§ **EXERCISE REQUIREMENTS**
The response should be the lines of the data, starting at the first and ending at the one that contains "Vape Nederland [10-pack]", copied without change.

Collection entries:
______

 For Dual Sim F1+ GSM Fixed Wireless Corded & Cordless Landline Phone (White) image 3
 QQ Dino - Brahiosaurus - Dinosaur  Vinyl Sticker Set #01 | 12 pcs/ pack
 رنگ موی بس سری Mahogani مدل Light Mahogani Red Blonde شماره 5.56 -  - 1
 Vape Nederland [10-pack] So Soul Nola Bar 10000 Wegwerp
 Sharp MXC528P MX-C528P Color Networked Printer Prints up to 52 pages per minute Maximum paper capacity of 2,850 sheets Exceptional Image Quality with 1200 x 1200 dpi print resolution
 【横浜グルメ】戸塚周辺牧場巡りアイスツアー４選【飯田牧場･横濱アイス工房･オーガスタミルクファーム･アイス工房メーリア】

______

§ **TASK SOLUTION**
 For Dual Sim F1+ GSM Fixed Wireless Corded & Cordless Landline Phone (White) image 3
 QQ Dino - Brahiosaurus - Dinosaur  Vinyl Sticker Set #01 | 12 pcs/ pack
 رنگ موی بس سری Mahogani مدل Light Mahogani Red Blonde شماره 5.56 -  - 1
 Vape Nederland [10-pack] So Soul Nola Bar 10000 Wegwerp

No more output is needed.